Winter storm Aapeli brings near-hurricane strength winds

No injuries reported so far in Åland, despite the islands taking the brunt of the storm.

Picture of Mariehamn in Åland after storm / Credit: Mariehamns stad FB

A major winter storm has hit Finland, with Åland one of the most affected areas.

Storm Aapeli brought winds of 32.5 metres per second, a new Finnish high.

“That is the highest wind speed that we have measured ever before at sea areas. The last time was in 1971 and it was 31 metres per second” says meteorologist Eveliina Tuominen at the Finnish Meteorological Institute FMI.

Those wind speeds are close to hurricane strength 33 metres per second.

“It was really close, but not quite” says Tuominen.

The high winds also came with heavy overnight snow, up to 20cm in parts of central Finland.

Åland worst affected

The storm caused widespread problems in Åland.

For a while all the main roads were closed but in a press conference this morning officials said Åland’s highways had been reopened, however safety on smaller roads could not be guaranteed.

“Very many homes are still without electricity, and lots of trees have fallen on the roads. Our advice to people is to stay at home” says Ted Andersson from Åland Rescue Department.

“Power lines are damaged, and very many cars and house roofs are damaged in the wind, but there are not so far any injuries” Andersson tells News Now Finland.

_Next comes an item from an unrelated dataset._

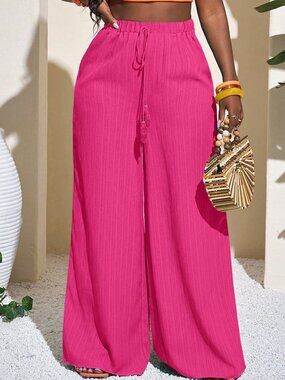 Hot Pink Casual Women's Full-Length Geometric Pattern Palazzo Pants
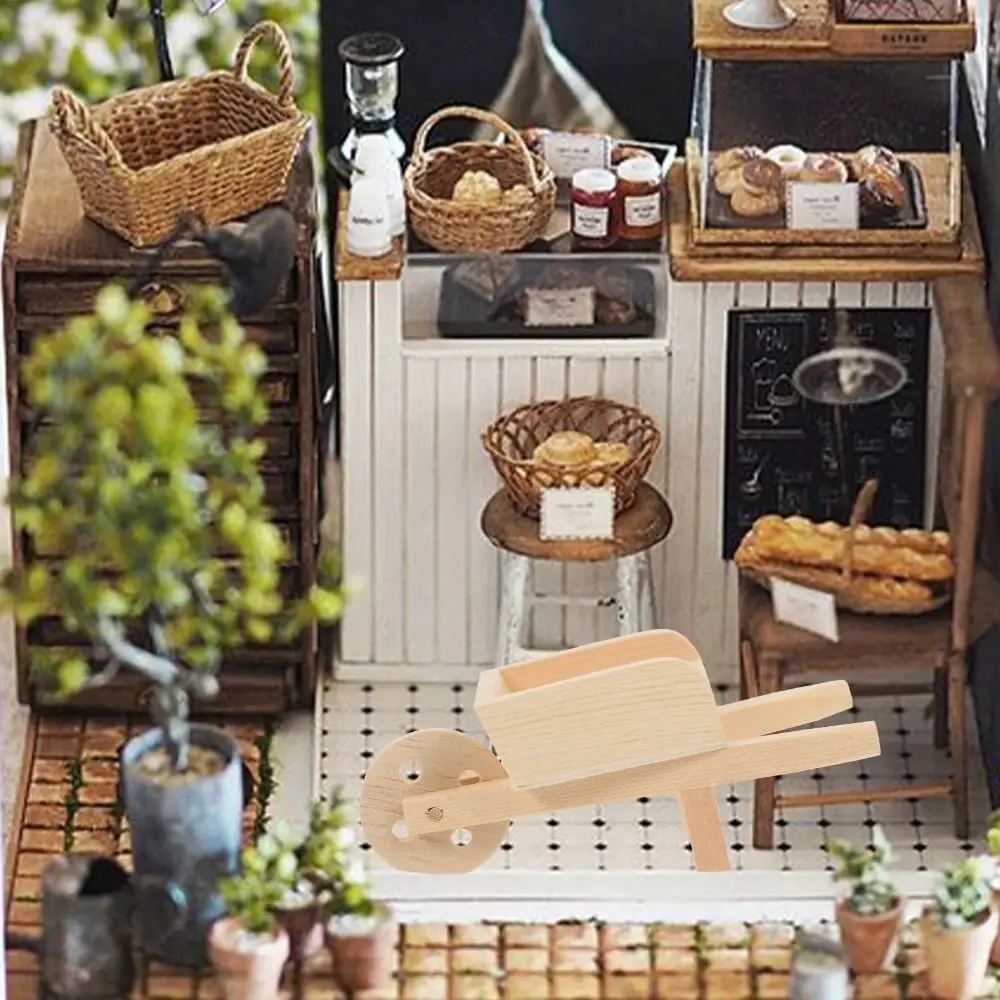 New Wooden Mini Cart Doll Houses Wood Color Landscape Carts Decor Child Furniture Decors Kids Toy Miniature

Thousands of households are still without electricity, mostly outside of Mariehamn.

Ferries diverted from port

Due to the high winds, overnight ferry services didn’t stop at Mariehamn, and although the winds were strong, the direction wasn’t as bad as it could have been for ships.

“The ships leaving from Helsinki and Turku and Stockholm, traveling between Finland and Sweden, they didn’t stop at Åland last night, but that is a normal situation when it is tough winds, and it happens every now and then” says Christa Grönlund, Communications Manager at Viking Line.

“Of course when it is windy you can feel it when you travel, that’s for sure. The ferries are used to these kind of storms so they know what to do” she adds.